There were probably two masons and they started at opposite ends and met where the gap was not sufficient. I would not worry too much about that. Since it is below grade, if they killed the soil (termite treatment), you will probably never have a problem. If you are concerned, dig out that area and use a good caulk to seal that joint.

I am glad to hear that they flashed and provided weep holes above each window. That should prevent any water problems. 

I used to build in Florida, and used weep hole covers there, even though it was not required by code. I am now in a burb of Chicago, and the Village in which I live has some very stringent requirements, including the weep hole covers, all copper for plumbing above ground and cast for waste (NO PVC).
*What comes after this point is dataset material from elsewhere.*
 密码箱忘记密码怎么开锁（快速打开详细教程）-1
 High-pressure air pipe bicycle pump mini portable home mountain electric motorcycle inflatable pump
All electric must be in conduit; no rope allowed (romex). I can't install an island sink because they do not allow bow vents. It is kind of crazy. I used to be a BOCA administrator and quit over that same issue. Things that have worked for 50 years are all of a sudden rejected. 

I don't think you have anything to worry about with your home. That system has worked for years. If you would like to retrofit your home with weep hole covers, they are readily available on the Internet.


----------



## segal (Mar 2, 2012)

Once again, thank you for the valuable insight. It certainly does sound like you've been in the business a long time, and you have taught me a few things here. Thank you for settling my concerns, and you're right- if I can't stop obsessing about it, I could always just dig around it and caulk, but I'll probably just leave it alone in time and forget it was ever there :thumbsup:

-Segal



psydoc said:


> Hi Segal,
> 
> There were probably two masons and they started at opposite ends and met where the gap was not sufficient. I would not worry too much about that. Since it is below grade, if they killed the soil (termite treatment), you will probably never have a problem. If you are concerned, dig out that area and use a good caulk to seal that joint.
> 
> ...


----------



## psydoc (Mar 22, 2012)

Unfortunately, segal, I am older than dirt. I tell people I baby sat God when he created this place. :laughing:

I do hope I helped.!


----------